[net.lan] ethernet performance

lindberg@chalmers.UUCP (Gunnar Lindberg) (10/15/84)

Recently, there has been much discussion about Ethernet performance,
with several suggestions of where to find the bottleneck(s). However,
I have not seen any description of what REALLY happens inside UNIX
when TCP/IP/Ethernet is used. Therefore I tried the following:

    Hosts:    2 VAX 11/780, running UNIX 4.2 BSD, single user mode.
    Ethernet: 3COM, with standard 4.2 BSD driver. No other activity
	      on the network.

    A program in one host sent 2 Mbytes of data via TCP/IP/Ethernet
    to  a program in the other host. Both UNIX systems were analyzed
    using the kernel profiler (KGMON, GPROF).
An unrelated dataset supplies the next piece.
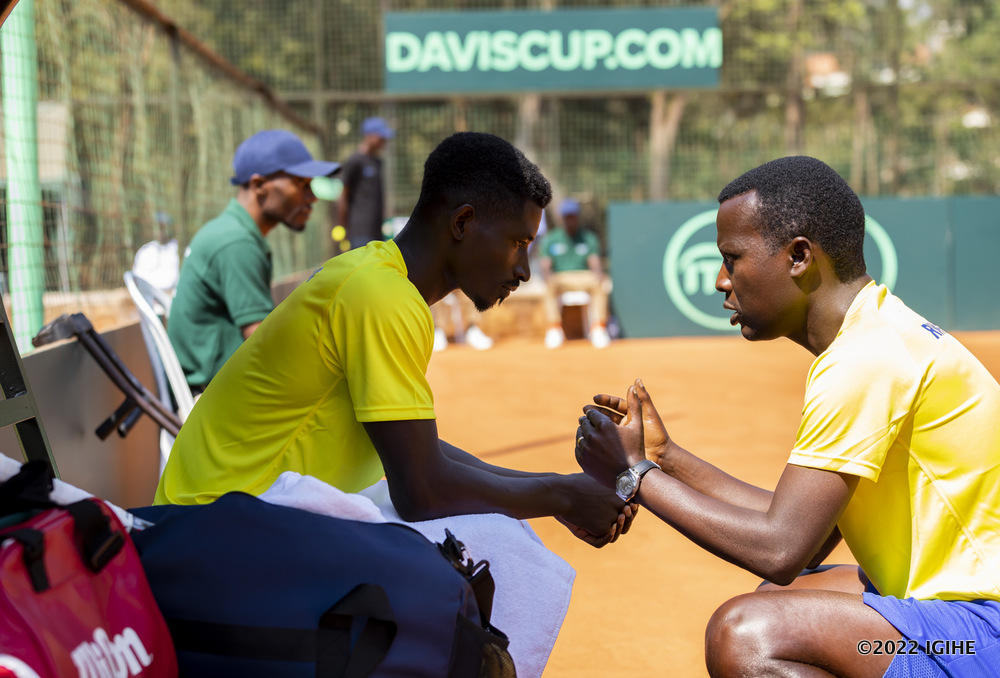 Abakinnyi b'u Rwanda bajya inama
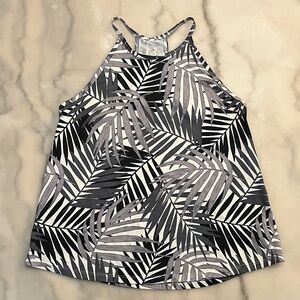 Old Navy Active Go Dry Monochrome Leaf Print Tank Top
From what I've heard before, I expected to find the system spending
lots of time inside the TCP/IP/Ethernet code. However, the systems
were in IDLE most of the time:

    SEND	   % of total time	RECV	     % of total time
    "idle"	40 %			"idle"	  35 %
    ecput	15 %			ecget	  25 %
    in_cksum	 4 %			in_cksum   4 %

The problem is not the amount of TCP/IP code that has to be run,
but merely a question of end-to-end flow control and lack of
parallelism. The scenario is as follows:

    SEND: write(2Mbytes);		    RECV: loop until 2Mbytes
						     read(2Mbytes);

    SEND fills buffers up to max
    size (2Kbytes), and gives
    that to TCP.

	TCP sends data on the net.

					TCP receives data and
					returns an acknowledgement.

					The RECV program is awakened
					with a 2Kbytes buffer.
	
	TCP receives the ack and
	releases SEND buffer space.
	However, since RECV has not	    RECV consumes the data and
	yet consumed the data, SEND	    releases buffer space.
	has to wait for buffer space
	to be released at RECV's host.

					TCP sends window information,
					telling SEND that he may send
					more data.

	TCP receives the window info
	and wakes SEND up.

    SEND fills next 2Kbytes...

			    etc. etc. etc.

Of course, less overhead in the TCP/IP/Ethernet code would lead
to this "SEND/RECV see-saw" toggling faster, resulting in a higher
throughput. However, most of the system's active time is spent in
the 3COM inteface routine, reading and writing memory on the 3COM
board, (ecget/ecput), which is known to be slow. Using a DMA
interface instead should give a better performance.

Unfortunately, performance will NOT be increased by use of a
dedicated network processor. A typical processor for such a task
would be a Motorola MC68000, which is MUCH slower than a VAX 11/780.
Therefore, unless we can reduce the amount of code that must be run
to implement TCP/IP, a network processor will DECREASE performance.
However, a network processor reduces the host processor's load,
which of course is a good thing, and makes it possible for the host
to consume data in one buffer, concurrently with the network processor
fetching data to the next buffer.

Now finally the question: What can we do?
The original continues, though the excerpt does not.